We are on a well, I am still trying to learn the dynamics of this situation. You can get a higher gpm pump if well drawdown is high enough but I am still not sure if that affects anything "after" the pressure tank...? I think I opened every faucet in the house and got 10-11 gpm so moving to a 20 gpm pump would require three pressure tanks. A lot to invest without knowing it will improve things. When well was installed in 2002 well drawdown was 75 gpm.


----------



## ChrisDIY

Now I know why they call it WONDERBOARD!

I wonder why it smells funny
I wonder how you are supposed to score it, scoring tool slides across making no mark, until after a dozen passes
I wonder why it still breaks away from the line I scored 
I wonder why it is so heavy compared to Durock
I wonder which side is which
I just keep wondering...


----------



## ChrisDIY

Ok, I wonder a little less about scoring it, scores only on one side! But now I wonder why it still doesn't snap after a DEEP score?

I'll never use it again, floor ready for heat mesh









Then on to finally closing walls!


----------



## ChrisDIY

Laticrete floor heat laid out, finished embedding it in mortar. Looks funny since I had one bag of grey left and started using white. So no picture of that LOL


----------



## ChrisDIY

Been tiling knew this was going to take forever...

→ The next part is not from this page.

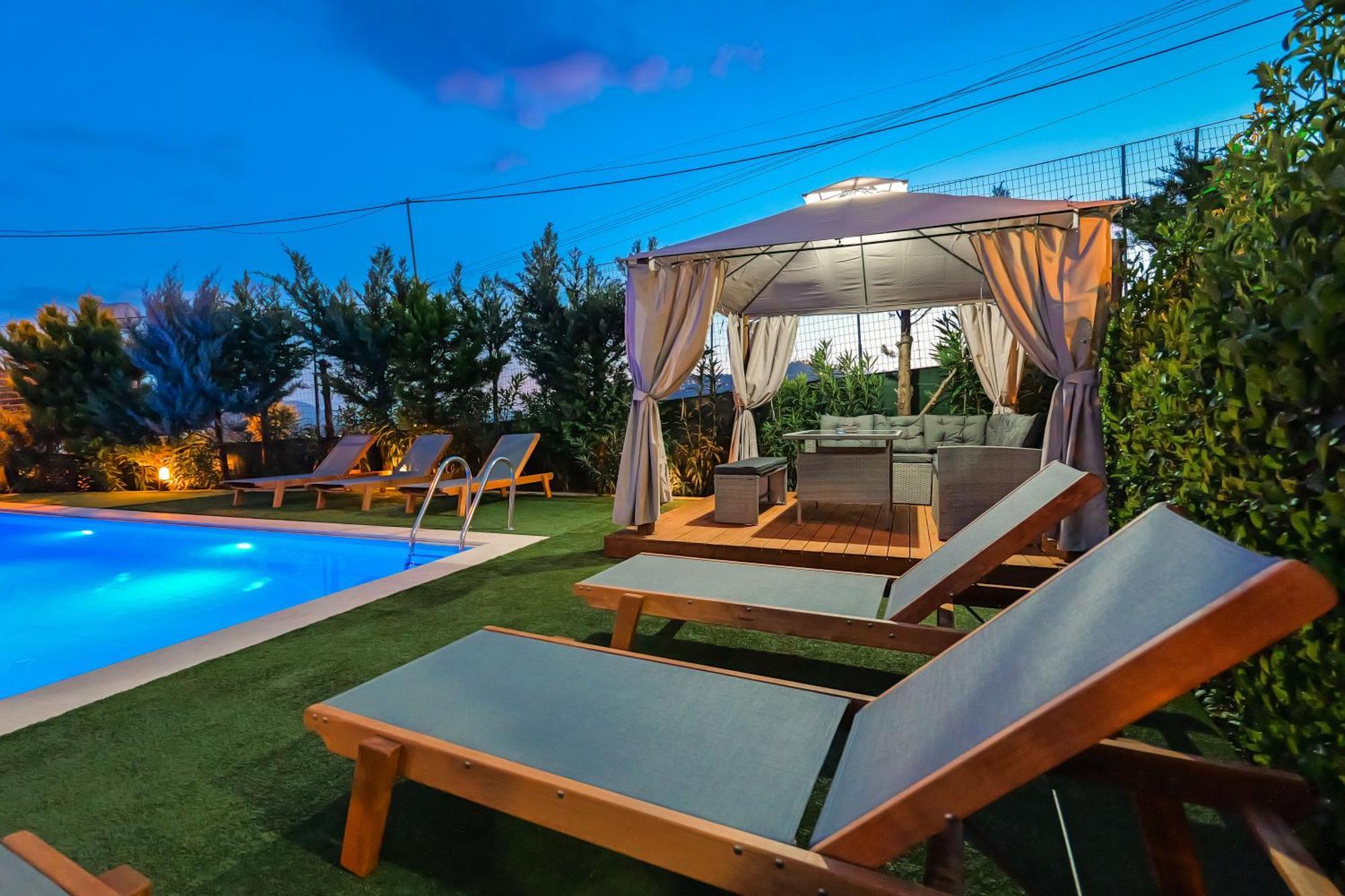 Villa Vrion Sarandë Exteriér fotografie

After the Krick Krocks failed miserably switched to string a level and it's working much better!


----------



## ChrisDIY

Just finished tiling the shower floor! That was harder than I thought...









Now on to cutting the base row tomorrow!


C.


----------



## ChrisDIY

All base row pieces cut ready to apply, large format for under the bench.


----------



## avengerki

ChrisDIY said:


> app still can't figure out portrait orientation...this is upside down? Grumble...
> 
> View attachment 70945


From page 25. I always thought the drain was best situated on the ceiling for the shower.:thumbup:


----------



## ChrisDIY

Been working feverishly to get room painted before carpet is installed Tuesday. That includes painting and installing the new bathroom door and the converging pocket doors.


----------



## SuperJETT

I haven't been on the site much but used to read through your thread. I just got caught up, thanks for still posting the updates.


----------



## ChrisDIY

Finished all the critical wall tile in the bathroom. The shower door is now laser line plumb on both sides. So glass door company should have no issues installing a steam door.

Next finish ceiling then the glass accent tile!

_From 1/20/2011: This is probably the last design tweak I'll do until I get a go ahead on the plumbing rough in. It will take me a month to tile this bathroom... :whistling2:
_
Well, I've been at this now for a lot longer than a month!


----------



## wkearney99

Plumb certainly helps, but what they really want is a consistently flat surface. They can measure and fit just about anything. A wall with a consistent surface that's off-level is better than a level one that uneven. Or so my glass guy mentioned to me. 

I chose to put Silestone quartz around all the shower openings. You're not likely to get more flat that unbroken lengths of the same 3cm material all the way around...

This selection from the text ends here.